[[ Dataset records, beginning ]]
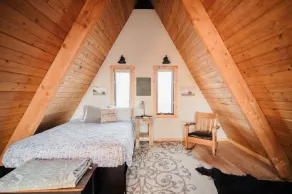 A-Frame|40acres|HikingTrail |Screen Porch|Secluded - Image 3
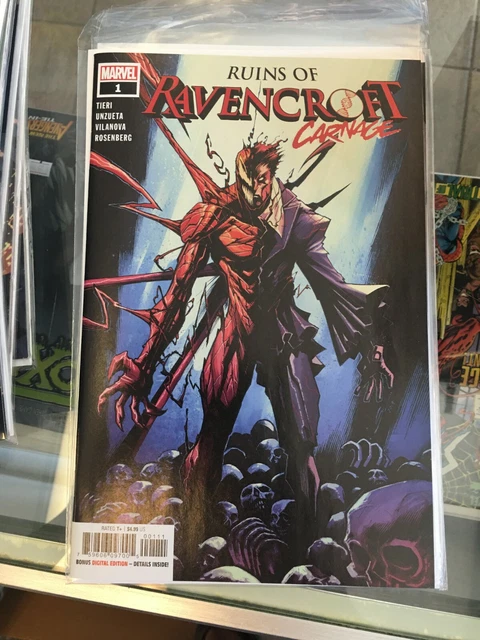 Ruins Of Ravencroft: Carnage #1 ~ 1St Cortland Kasady Hot Htf Nm+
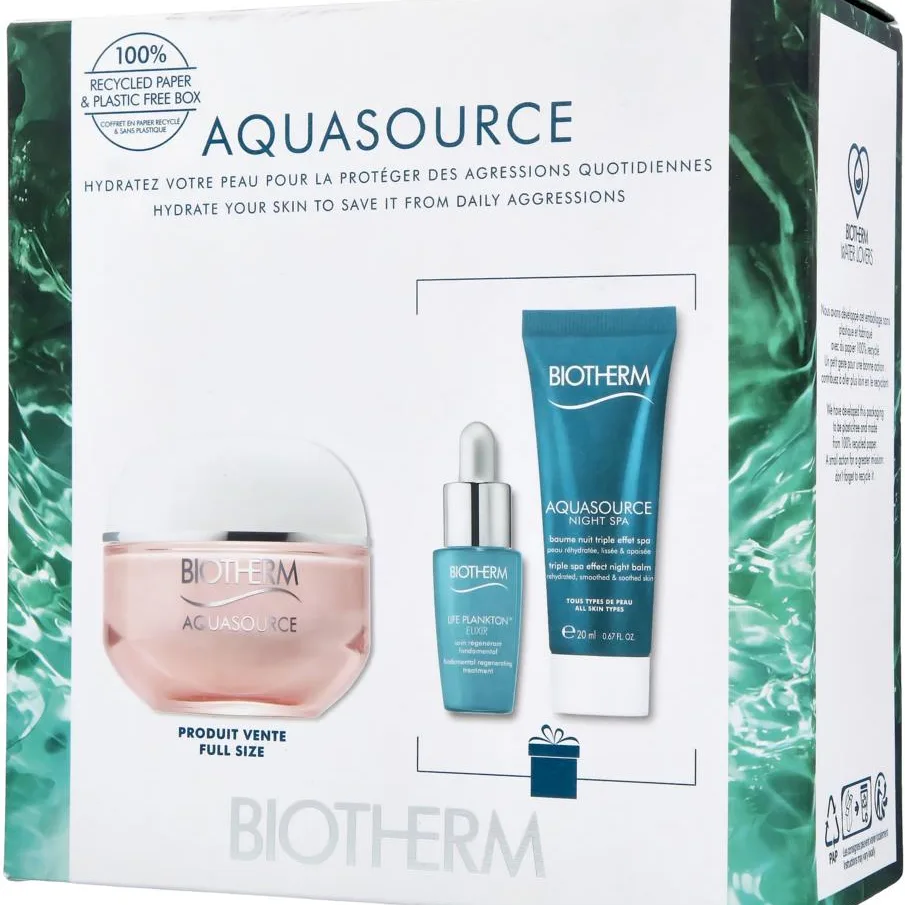 Biotherm Aquasource Cream Æske (1 stk)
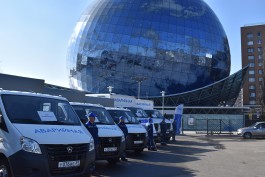 Калининградскому &laquo;Водоканалу&raquo; передали шесть новых грузовых автомобилей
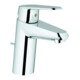 Grohe Mitigeur lavabo Eurodisc Cosmopolitan 1/2", taille S, avec garniture de vidage, chrome-1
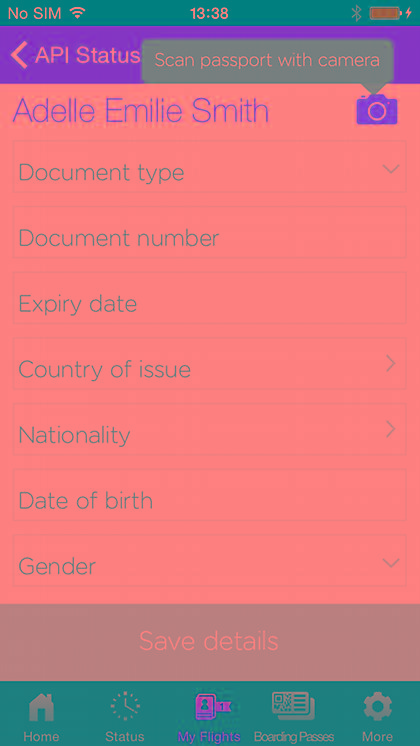 Νέα εφαρμογή mobile app της easyJet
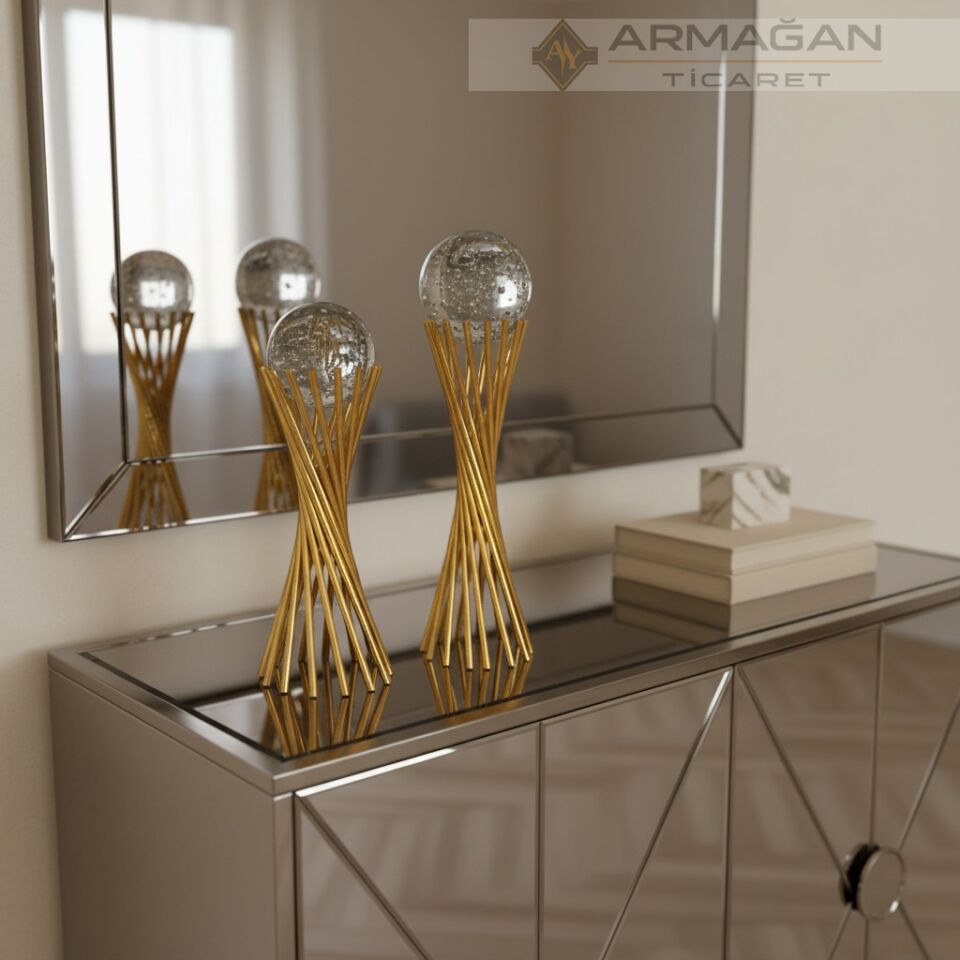 METAL SARMAŞIK 2'Lİ SET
[[ Dataset records, end ]]
Aim of the exercise:
Every line above is to be reproduced verbatim, and the pictures are to be omitted.

Completed task:
 A-Frame|40acres|HikingTrail |Screen Porch|Secluded - Image 3
 Ruins Of Ravencroft: Carnage #1 ~ 1St Cortland Kasady Hot Htf Nm+
 Biotherm Aquasource Cream Æske (1 stk)
 Калининградскому &laquo;Водоканалу&raquo; передали шесть новых грузовых автомобилей
 Grohe Mitigeur lavabo Eurodisc Cosmopolitan 1/2", taille S, avec garniture de vidage, chrome-1
 Νέα εφαρμογή mobile app της easyJet
 METAL SARMAŞIK 2'Lİ SET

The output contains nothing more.